The data |
=-=-=

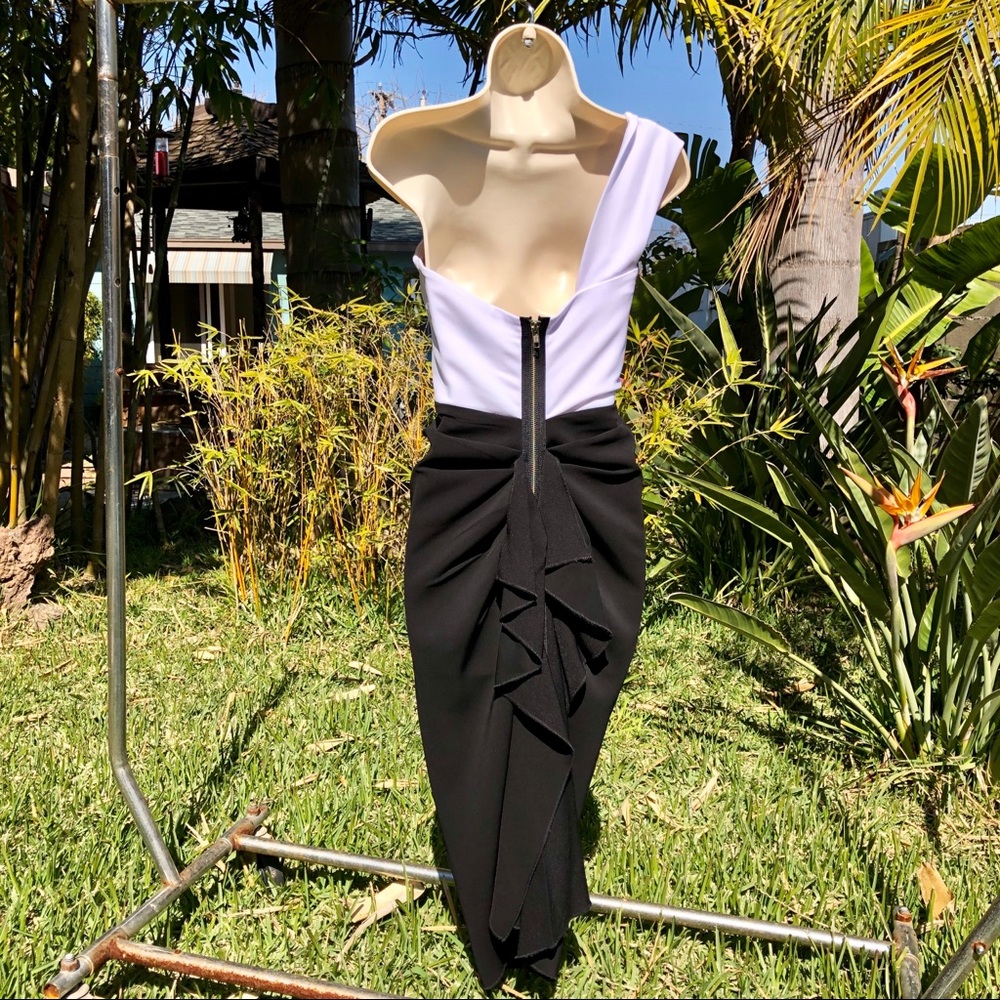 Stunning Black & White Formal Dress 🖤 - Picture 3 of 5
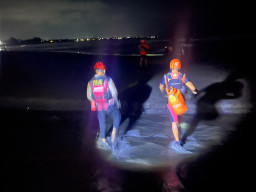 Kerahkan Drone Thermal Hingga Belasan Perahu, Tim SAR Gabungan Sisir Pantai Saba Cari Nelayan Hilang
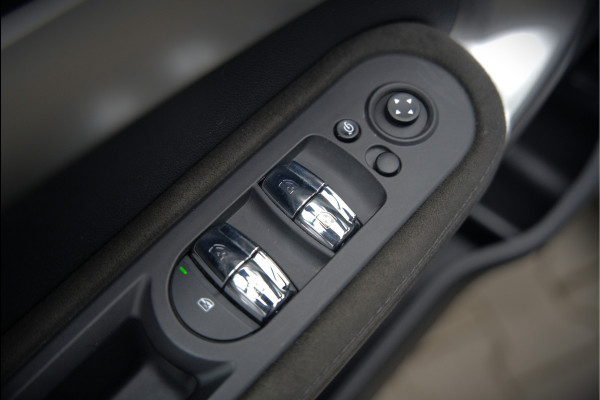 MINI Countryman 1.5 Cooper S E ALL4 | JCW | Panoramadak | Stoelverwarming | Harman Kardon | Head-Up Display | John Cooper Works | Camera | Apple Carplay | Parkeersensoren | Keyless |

=-=-=

Work instruction |
Take the line containing "Kerahkan Drone Thermal" and every line after it up to the end of the data, and write them out exactly, without the pictures.

Written reply |
 Kerahkan Drone Thermal Hingga Belasan Perahu, Tim SAR Gabungan Sisir Pantai Saba Cari Nelayan Hilang
 MINI Countryman 1.5 Cooper S E ALL4 | JCW | Panoramadak | Stoelverwarming | Harman Kardon | Head-Up Display | John Cooper Works | Camera | Apple Carplay | Parkeersensoren | Keyless |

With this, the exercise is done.